How lightsabers are made

– When Luke runs into Yoda’s ghost, the latter says "Missed you I have, Skywalker." Luke should’ve been like "Well, whose fault is that? You’re the Force Ghost that can just pop in whenever he wants, it’s not like I can go visit you. Unless I kill myself at the end of this movie and become a Force Ghost too. Okay, hint received."

 

– There’s a scene where the transport ships are being bombarded and Poe screams something at the female pilot like "C’mon, faster, give it full thrusters!" and she goes "I am, sir." Her line should’ve been "No shit, you mansplaining dick, I’ve already got it floored! They’re shooting at us, you think I’ve got this motherf*cker in second gear?"

 

– At the end there’s like 200 of those crystal fox-dog things running around, and not a single one of them takes a crystal dump or lifts his leg on an X-wing? I’m not buying it. At least two of the escapees on the Millennium Falcon should be wrinkling their noses and inspecting their shoes going "Goddammit–Rey, you got any paper towels on this thing? Or like a scrubber brush?"

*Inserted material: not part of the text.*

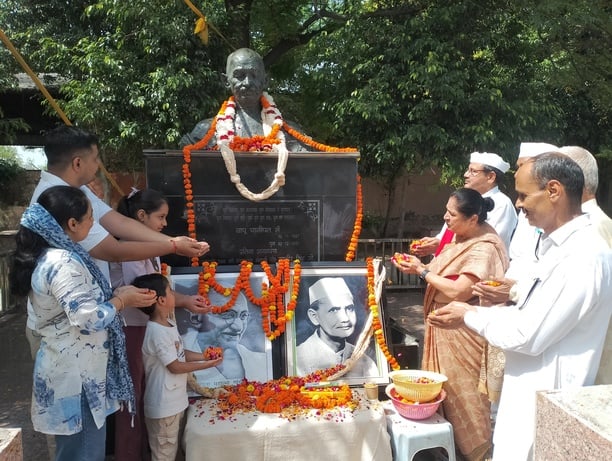 गांधी जयंती पर साफ सफाई करते शिक्षा मंत्री महीपाल ढांडा, प्रदेशाण्यक्ष डॉ. अर्चना गुप्ता और अन गांधी जयंती पर साफ सफाई करते शिक्षा मंत्री महीपाल ढांडा, प्रदेशाण्यक्ष डॉ. अर्चना गुप्ता और अन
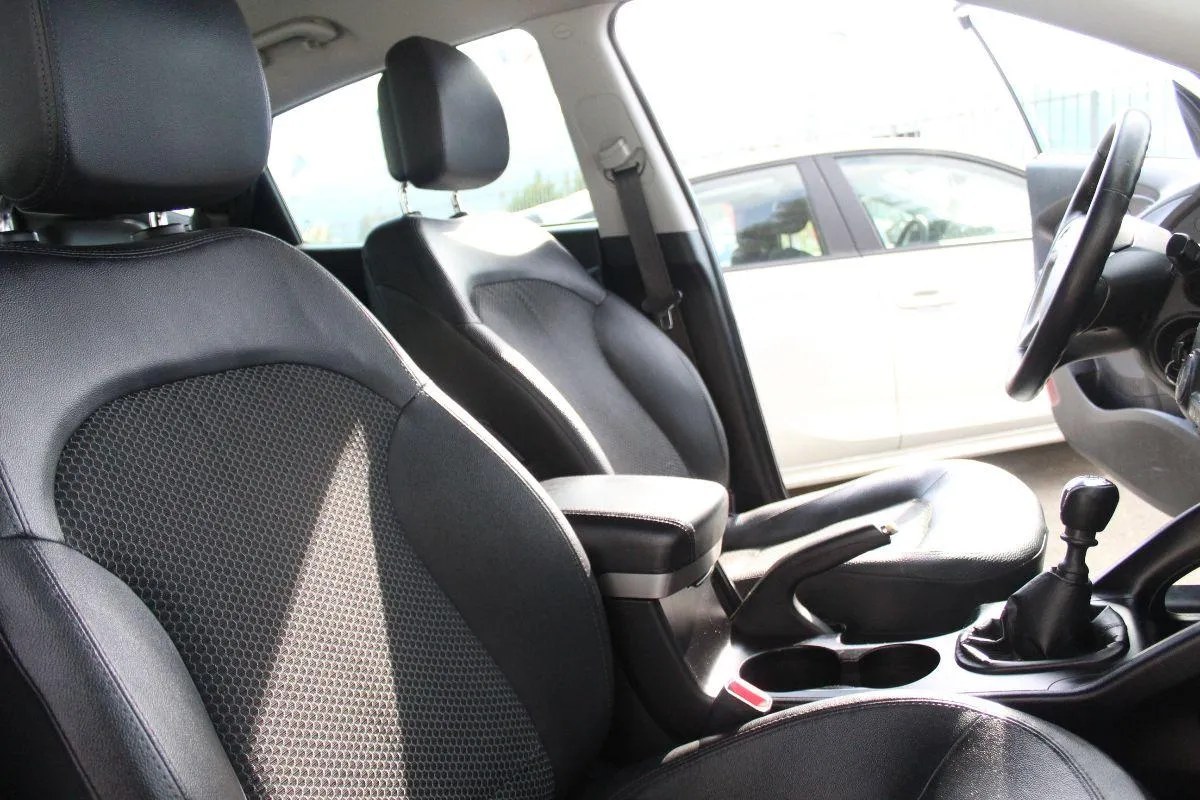 HYUNDAI - iX35 - 1.7 CRDi 2WD Style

– When Finn is on his suicide run, Rose supposedly swings her ship around and crashes into him to knock him out of the way and save his life. On the ground they exchange some dialogue, she steals a kiss and then appears to succumb to her wounds.

I’ve thought about it a lot and realized what really happened. Rose is a technician with no mention of piloting experience. She probably crashed into him by accident, improvised a good excuse, stole a kiss to distract from the obviousness of her lie, then pretended to die because she was so embarrassed. Well-played, Rose Tico.